What I want is to apply the same in Javascript, I am currently working on a massive app which has more than 300 ajax calls, and every time I need to do some change on the catch statement on them, I have to modify them one by one which is very tedious.

What I want to do is something like :

functionName.before("try {")

functionName.after("} catch(ex){
//dostuff
}")

Is it possible? I know there are things like .call, or the arguments object inside every function..which seem pretty meta-function (AOP) functionalities.

4

There are 4 answers

1
Bergi On BEST ANSWER

Not with before and after, but a wrap will work:

Function.prototype.wrapTry = function(handle) {
    var fn = this;
    return function() {
        try {
            return fn.apply(this, arguments);
        } catch(e) {
            return handle(e);
        }
    };
};

Then use it like

var safeFunction = functionName.wrapTry(doStuff);
0
André Pavan On

In JavaScript, functions are first-class objects. That means you can manipulate or redeclare them.
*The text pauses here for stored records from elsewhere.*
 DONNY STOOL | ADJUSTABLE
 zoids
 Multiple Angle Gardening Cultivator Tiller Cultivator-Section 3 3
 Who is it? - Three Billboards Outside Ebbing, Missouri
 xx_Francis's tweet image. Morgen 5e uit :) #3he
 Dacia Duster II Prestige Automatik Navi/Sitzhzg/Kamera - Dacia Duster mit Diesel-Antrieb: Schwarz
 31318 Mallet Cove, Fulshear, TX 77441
Assuming that there is a "foo" function:

var originalFoo = foo;
foo = function()
{
    // "before" code.

    // Call the original function.
    originalFoo.apply(this, arguments);

    // "after" code.
};

After that, any call to foo() will call the new function: even with parameters.

0
k1r0s On

Old question but you may take a look over this https://github.com/k1r0s/kaop-ts/blob/master/docs/api.md#available-join-points

import { onException } from "kaop-ts"
import handlingException from "./somewhere"

class Something {

  @onException(handlingException)
  method() {
    // stuff that may throw an error
  }
}
0
Peter Seliger On

I also will give a late answer in order to shed some light onto this special case that every then and now pops up as JavaScript and AOP.
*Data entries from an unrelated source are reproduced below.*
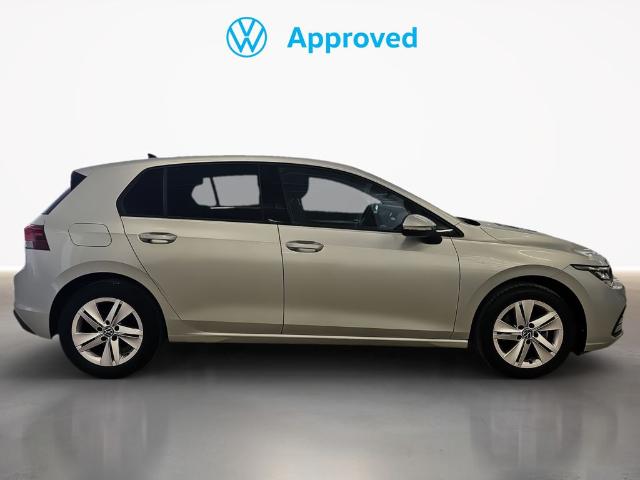Volkswagen Golf Life 1.0 eTSI 81 kW (110 CV) DSG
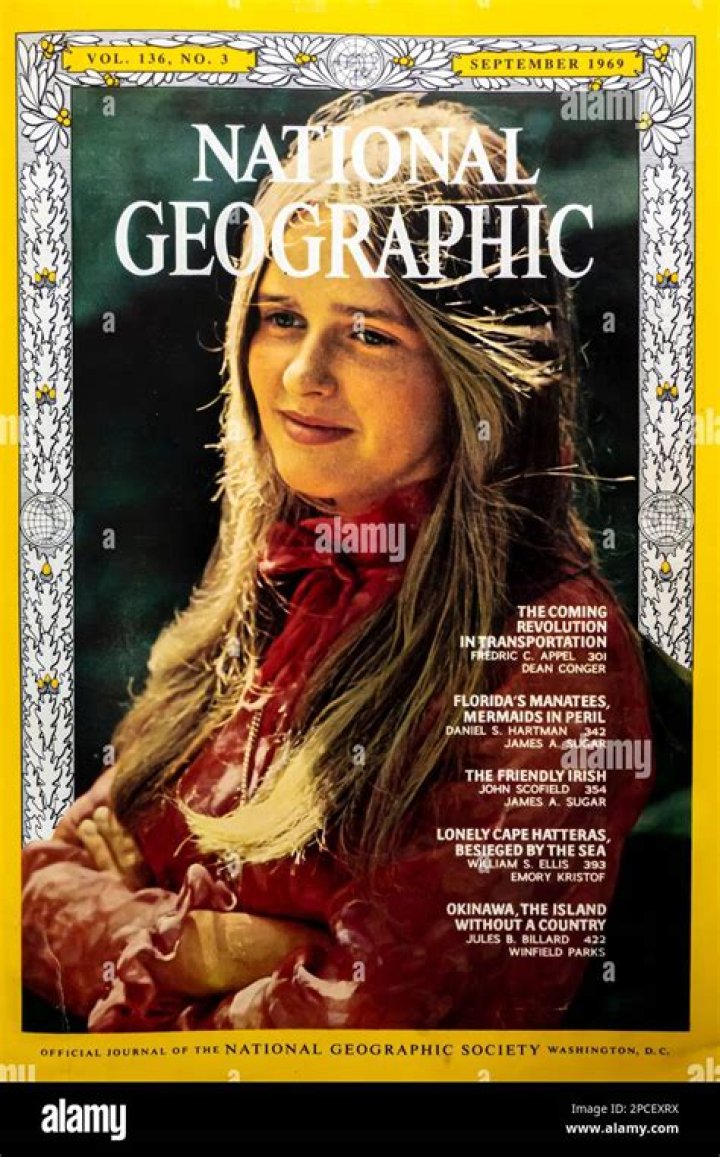 How Much is a June 1985 National Geographic Worth Today?
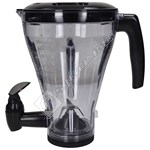 Kenwood Blender Acrylic Liquidiser Assembly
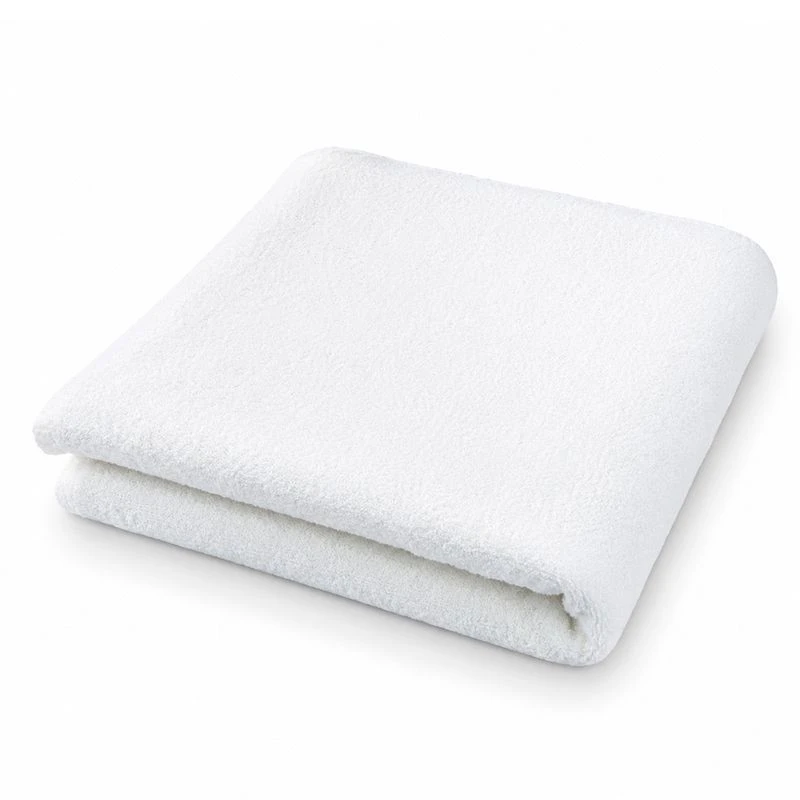 Полотенце 50*90см махровое HORECA BASIC гостиничное 450гр (16)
Firstly, cases like the very one presented by the OP always ask for modifying already existing functionality, thus targeting closed code that sometimes is not even owned by the party that sees itself challenged from modifying the control flow of such code.
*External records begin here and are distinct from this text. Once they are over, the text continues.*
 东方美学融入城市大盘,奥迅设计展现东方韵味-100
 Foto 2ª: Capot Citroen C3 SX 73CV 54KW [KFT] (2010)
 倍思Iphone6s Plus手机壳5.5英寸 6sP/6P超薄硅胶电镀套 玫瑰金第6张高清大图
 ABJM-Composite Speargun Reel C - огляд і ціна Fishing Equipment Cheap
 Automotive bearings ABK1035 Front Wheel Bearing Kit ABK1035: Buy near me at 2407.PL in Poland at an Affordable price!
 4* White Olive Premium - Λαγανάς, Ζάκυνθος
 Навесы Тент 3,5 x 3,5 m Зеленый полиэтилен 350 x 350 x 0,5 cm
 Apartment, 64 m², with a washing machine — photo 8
Why then, not just name it like that ... JavaScript method modification or JavaScript method modifiers.

Secondly, because of already riding the horse of terminology, altering closed functionality in JavaScript has nothing to do with Aspect-oriented Programming unless an implementation that claims to be AO provides abstraction and code-reuse levels for at least Aspect, Advice and Pointcut.

Last, for what the OP is going to achieve and what also has been the accepted answer, there does exist a a whole bunch of before, after around / wrap solutions, almost always unfortunately mentioning AO(P), and in far too many cases not taking care of the context or target which is essential to method modification.

The example I do provide uses a prototypal implementation of afterThrowing. Because JavaScript already features a standardized bind, I'm firmly convinced that Function.prototype is the right place as well for some other method-modifiers like before, after, around, afterThrowing and afterFinally.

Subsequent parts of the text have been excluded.